According to the ANZ-Property Council survey for the March quarter, firms are “considerably” more optimistic around the outlook for the property sector this year.
Confidence reached a two-year high with 31 per cent of respondents expecting conditions in the property market to improve over the next 12 months.
Commenting on the results, ANZ highlighted that the outlook is quite mixed across the states; NSW leads the way while Western Australia is still being impacted by the negative effects of declining mining investment.
Respondents in Queensland reported a more positive state economic outlook as well as general rising capital values over the next year.
Further, ANZ said that most of the improved outlook for the property market came from the residential segment.
“Stronger price growth expectations are largely in line with recent results in the housing market,” the bank said. “House prices have returned to double-digit annual growth rates across Sydney and Melbourne… coupled with the returning presence of investors, it appears that demand for housing is reasonably steady at an elevated level.”
ANZ chief economist Richard Yetsenga commented: “Our solid outlook for the Australian economy in 2017 is broadly consistent with the strong tone to this quarter’s survey. Sentiment in NSW', Victoria’s and the ACT’s property markets sits around record levels, in line with the transition away from mining-led growth.”

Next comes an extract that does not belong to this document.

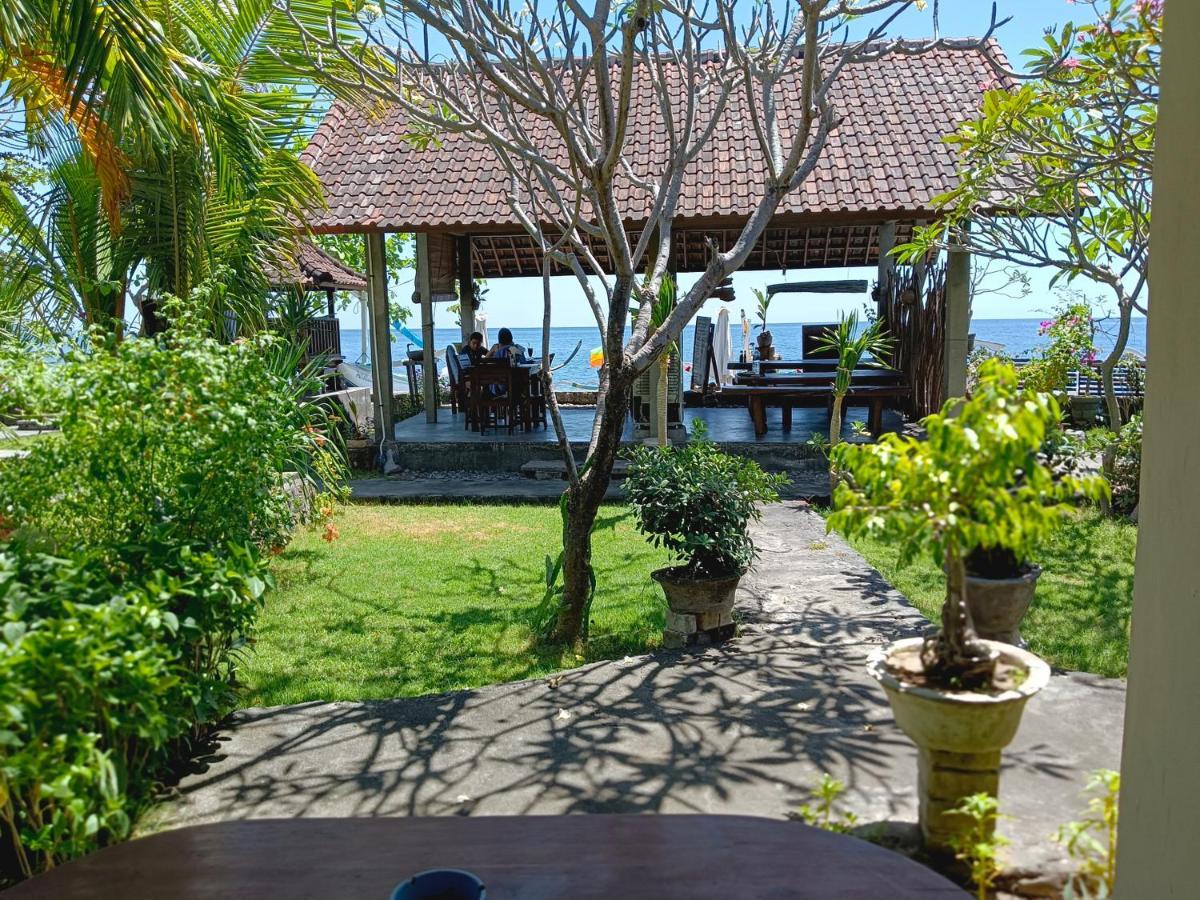Beach Side Amed Delem Family Ambat Exterior photo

NSW property industry leads the nation
Property Council NSW executive director Jane Fitzgerald emphasised that NSW had a strong 2016 and the next 12 months are looking positive for the state, with high expectations for growth, investment and hiring.
“NSW industry confidence leads the nation at 149 index points, up from 142 last quarter and is at six-year highs,” Ms Fitzgerald pointed out.
However, Ms Fitzgerald said that more needs to be done to strengthen the housing supply pipeline in NSW, particularly in regards to stamp duty.
“We must cut stamp duty for families trying to get a foot in the property market, scrap the foreign investment tax and continue steps towards streamlining the planning system so that we can continue to build the NSW of the future,” she said.
“The budget is in surplus and there is a record spend in infrastructure – now is the time to ease the tax burden on home buyers and strengthen housing supply. We must not rest on our laurels – there is much more that can be done.”